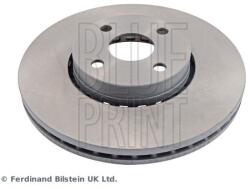 BLUE PRINT Brzdový kotúč BLUE PRINT ADT343153 (ADT343153)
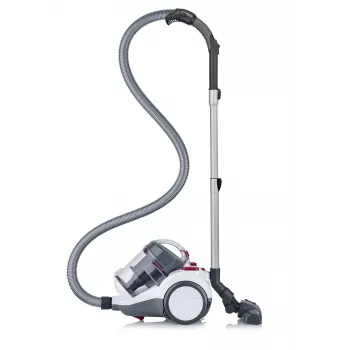 Drum vacuum Severin CY 7088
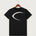 Nrheg Panthers High School Football (Boys) - Black T-Shirt - Full Front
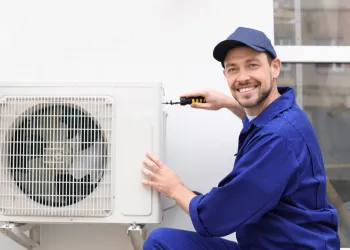 Rumeli Hisarı Klima Servisi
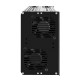 Зарядний пристрій для акумуляторів LiFePO4 24V (29.2V)-40A-960W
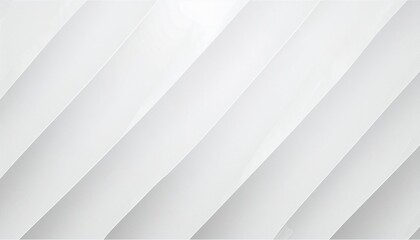 Obraz premium Background, background material, image material, graphics, white, white background material, gray, digital, Generative AI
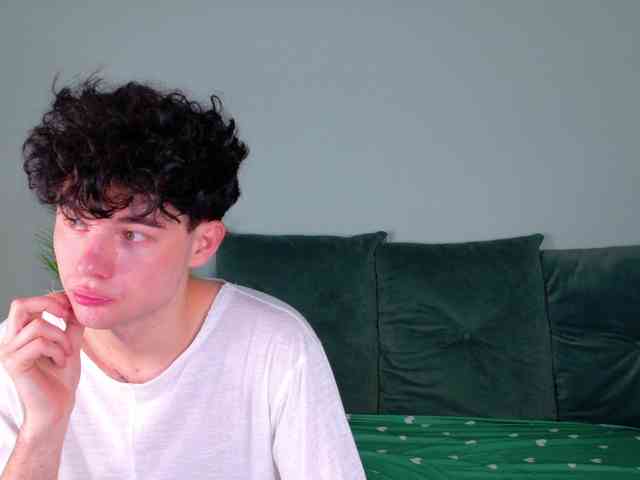 moongloww Sex Cam Show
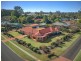 2 Tara Court, Highfields QLD 4352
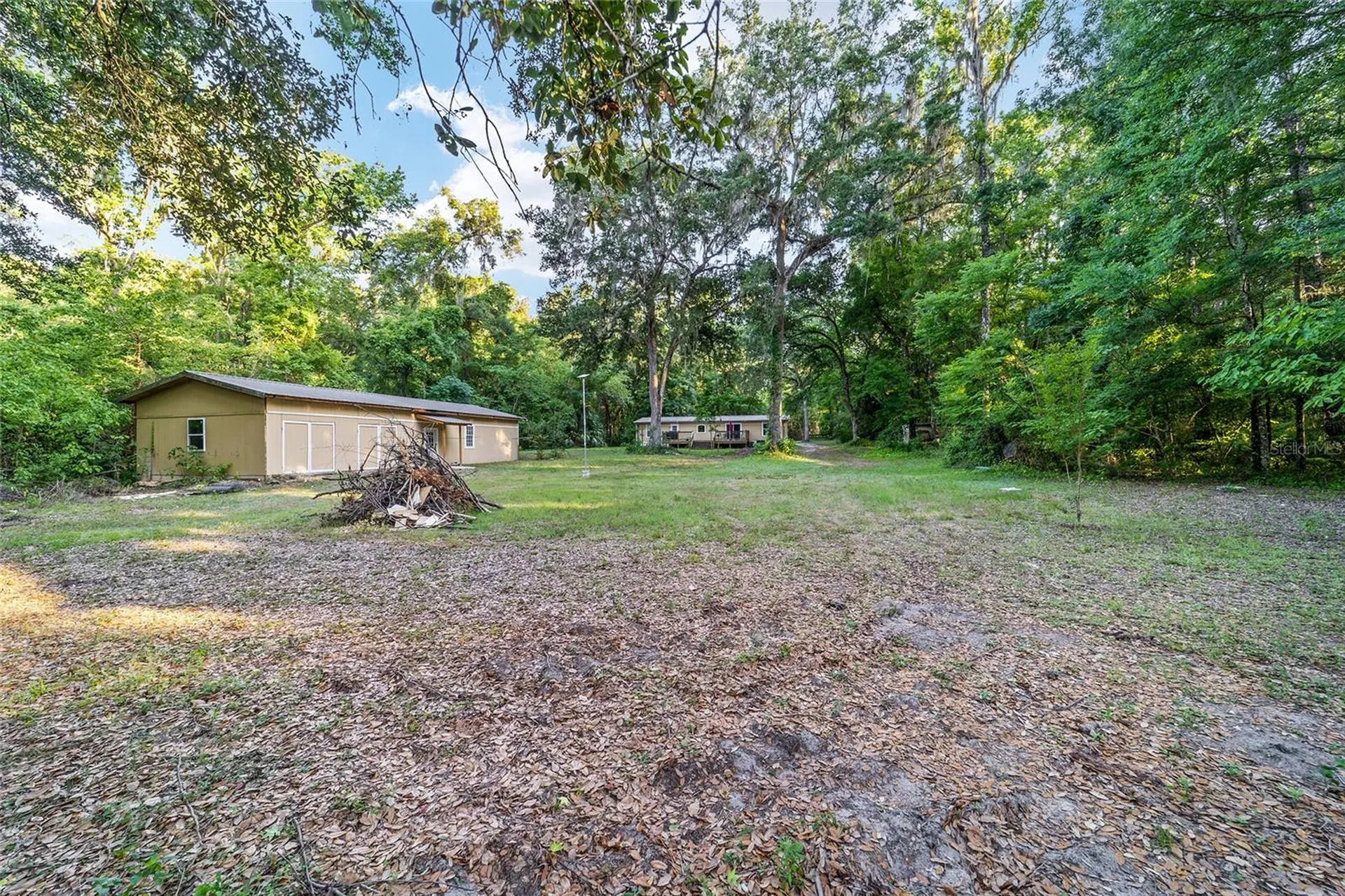 3747 SE 126th Place Belleview FL 34420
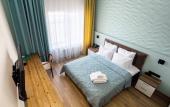 Туры в отель EP Boutique Hotel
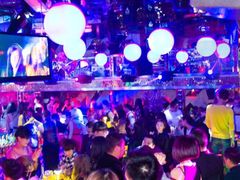 iphone_upload_pic-Dr.Feeling 菲林酒吧(天津店)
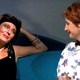 photo du film Le Chant des sirènes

────────────────────

**AIM OF THE TASK:** Leaving the pictures out, transcribe word for word the lines from the one with "3747 SE 126th Place Belleview FL 34420" to the end of the material above, inclusive, and nothing else.

**EXPECTED ANSWER:**
 3747 SE 126th Place Belleview FL 34420
 Туры в отель EP Boutique Hotel
 iphone_upload_pic-Dr.Feeling 菲林酒吧(天津店)
 photo du film Le Chant des sirènes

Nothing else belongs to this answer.